For our annual photo issue, Gabriele Stabile presented a selection from his long-running project documenting the initial experiences of refugees arriving in the United States. With the help of the International Organization for Migration, Stabile was able to photograph the first experiences of many refugees in the transition motels they are housed in while they await placement somewhere in the US. Up above, watch the slideshow, featuring an extended cut of the photos narrated by Stabile, and after the jump read T. Cole Rachel's feature on Stabile's photo work at the refugee motels.
It’s impossible to know what these people might be thinking, but their feelings—a convergence of hope, anxiety, and often, complete dismay—read very clearly. Gabriele Stabile's photos were taken at what he refers to simply as “refugee motels”—temporary accommodations set up to house incoming political refugees and their families as they enter the United States for the first time. Refugees from West Africa, Latin America, Eastern Europe, and the Middle East will spend their first twelve to fifteen hours on US soil at a hotel (generally of the budget variety, located nearest the airport) before they are ultimately sent to whichever far-flung location in the US deemed best-suited to their specific ethnic or religious group. Typically, they will be placed with a sponsor family of a similar background, but often the final destination is still jarringly incongruous (non-English speaking refugees from Africa going to live in Mobile, Alabama or the rural Midwest, for example). For the arriving refugees, these hotels offer their first window into what is often a bewilderingly unfamiliar world.
For Italian-born Stabile, the concept of photographing the refugees quickly evolved from being simply aesthetically interesting to something deeply personal. “As someone who has moved around a lot during my own life, I was interested in documenting people in a state of transition,” he says. “I didn’t want to exploit the situation in any way or add discomfort or confusion.

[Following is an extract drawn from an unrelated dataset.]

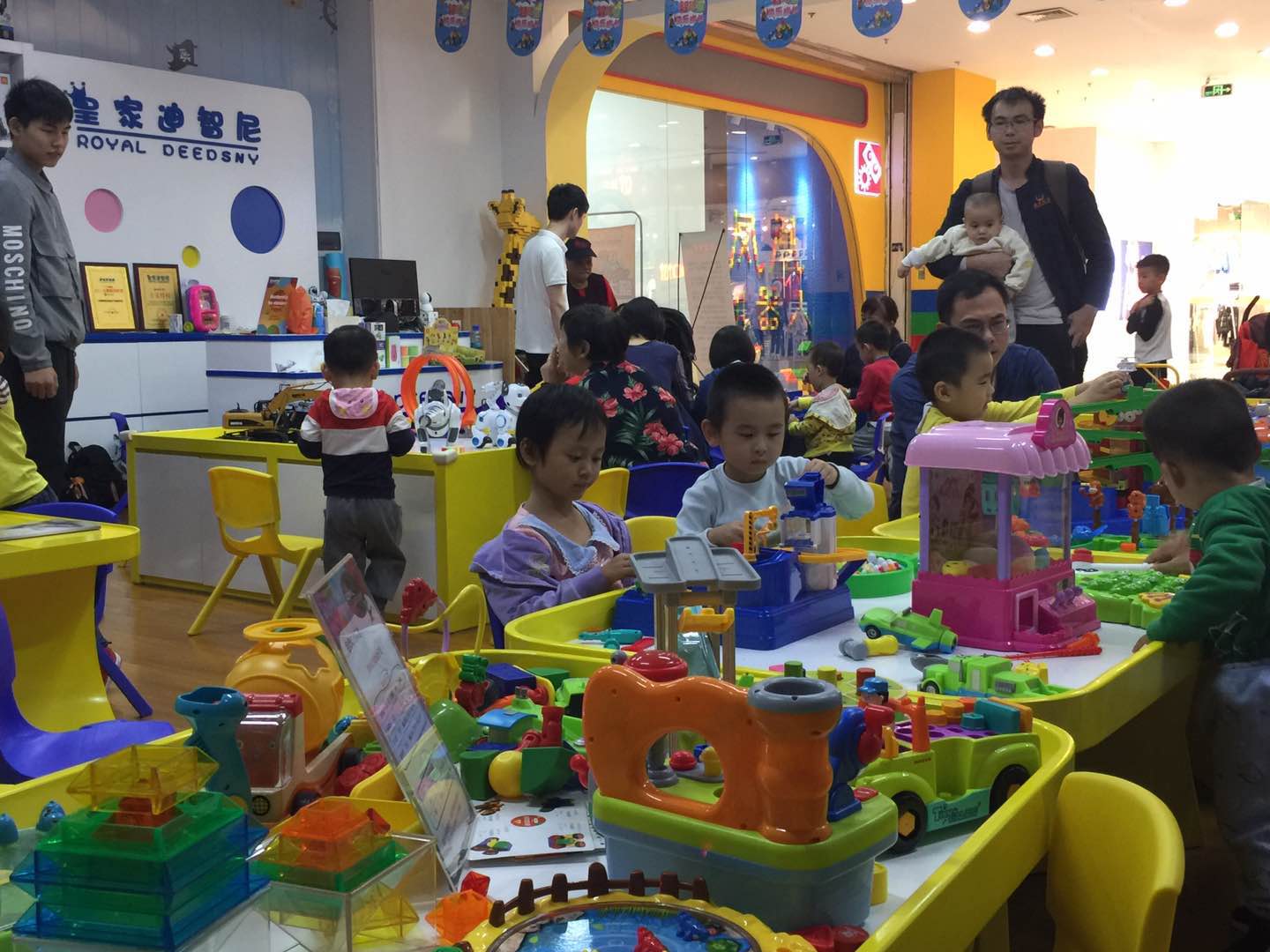 玩具反斗城的落幕，，，，引致皇家0033990威尼斯益智玩具店加盟的热潮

Still, I didn’t expect the experience to be so emotional, or that I’d get so involved. Sometimes the people seemed to think that I was part of the deal, like I had been hired to help them and to take their pictures.” The help Stabile provided often ranged from the mundane—explaining the concept of air conditioning or how to use the hot/cold running water—to the intimate. “People would often ask to use my cell phone or have me help them contact their relatives back home,” he recalls. “They had no way to let their families know that they had made it to the States, that they were okay. It’s hard to say no to a request like that.”

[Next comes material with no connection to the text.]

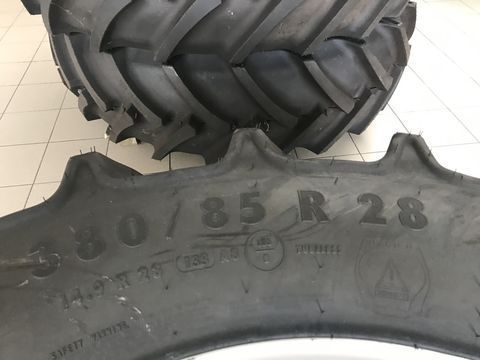 [3379-6667658-9.jpg]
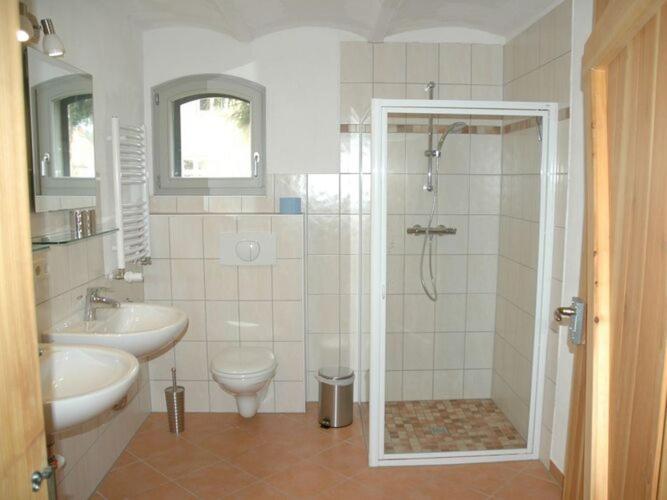 Um banheiro em Inviting apartment near seabeach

With the help of the International Organization for Migration, the organization responsible for transporting and placing the refugees, in early 2007 Stabile was allowed to take photographs at all three major points of entry (Miami, Los Angeles, New York), interacting with refugees from all points on the globe. “You have only about ten hours to spend with people before they leave the motel,” he says. “Most people are too anxious or too excited to sleep. In fact, most of the people end up sitting outside in the halls or on the floor, rather than on the furniture. You realize that everyone has left some kind of terrible situation behind. The old people have a sadness, often just now realizing that they will probably never go home again, that they will die in this strange foreign place. The parents are desperate to keep all of the children together. Everyone seems to be in shock. Even though ten or twelve hours doesn’t seem like a long amount of time, for these people it often seems like eternity. Time kind of stops.”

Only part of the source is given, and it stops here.